Image of quantum computing cell.

Image source: Getty Images.

IonQ's approach to quantum computing sets it apart

IonQ is a pure-play quantum computing investment, which means it doesn't have any ancillary segments to prop up the business. It relies on external contracts to fund the business, but IonQ's partnerships are among the most lucrative in the quantum computing realm. It has partnered with the U.S. Air Force Research Lab, a facility renowned for its groundbreaking research. It also has several industry partnerships, which could prove profitable once quantum computing has commercial capabilities.

The primary challenge with quantum computing currently is that companies are striving to demonstrate its relevance. There are several use cases for quantum computing, but one problem that stands in the way is its accuracy. Quantum computing's biggest strength (the ability to analyze problems that don't have a discrete answer) is also its biggest weakness, as errors can appear in a calculation. Clients don't want to second-guess the answer to a problem.

This is why IonQ's industry-leading 99.9% two-gate fidelity is a significant advantage. This measures the probability of the quantum computing system making an error when passing through two-qubit gates. The lower this figure, the higher the odds of the system making an error. Because IonQ has an accuracy advantage over competitors, it may be a more attractive choice to potential customers.

Another reason why IonQ could succeed is the approach it's taking to quantum computing. It employs a trapped-ion approach, which eliminates the need for cooling the particle to near absolute zero. Cooling the particle is an incredibly expensive process, which could prevent quantum computing from being deployed in applications where it could excel.

However, IonQ's trapped-ion approach can be performed at room temperature. This could prove to be a key differentiating advantage, leading IonQ to significant market share gains. But will it be enough to transform the stock into a winner?

IonQ's CEO has bold predictions about its future finances

Earlier this year, CEO Peter Chapman projected that IonQ is slated to deliver nearly $1 billion in annual sales by 2030 and achieve profitability. That timeline is approaching quickly, but if it delivers on expectations, it could be a winning investment.

IonQ's stock currently has a market capitalization of around $11 billion. That means it trades for about 11 times hypothetical 2030 sales. There are numerous unknowns in that projection, and it could dramatically overstate the actual demand for quantum computing systems.

Furthermore, there's no guarantee that IonQ's approach will be the winning choice. While I think it has unique advantages, there could be underlying issues that other systems don't have, which could cause it to fail.

So, where will IonQ be in five years? That's an impossible guess. I could see it trading for $100 or $0. It may even fall from today's price, but still be worth something. IonQ's price in five years will depend on its success in the quantum computing arms race.
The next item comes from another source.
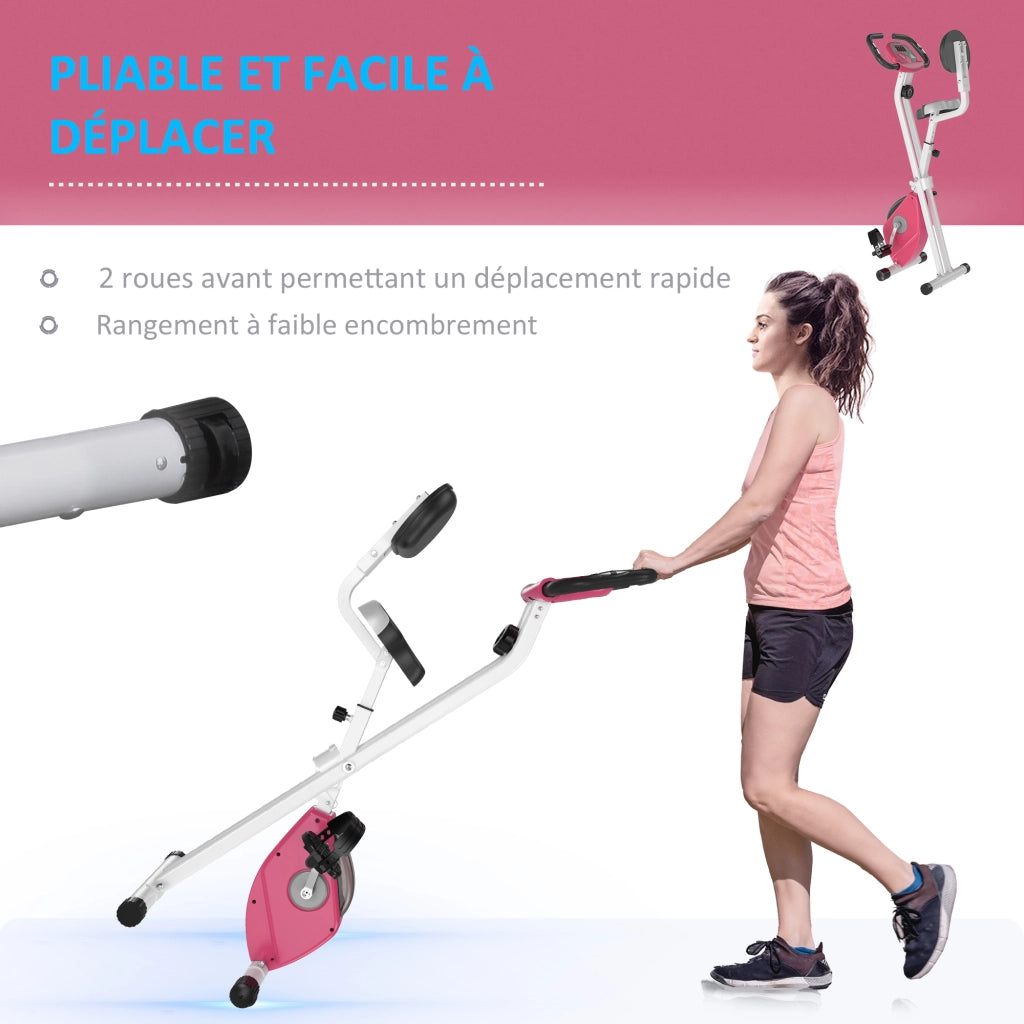 Bicicletta da Fitness Pieghevole Elettrica ¨C zephmum ¨C Rosa, 8 Livelli di Resistenza Magnetica, Sella e Schienale Regolabili, LCD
If it proves its technology is industry-leading and can find a significant use case for it in industry, then IonQ's stock is worth buying now. But if it fails, then it's not worth your time.

It's impossible to know that now, so investors need to adjust for this huge risk by keeping position sizing small; that way, if it succeeds, it will be a strong performer in your portfolio. But if it goes to $0, it will hardly affect it.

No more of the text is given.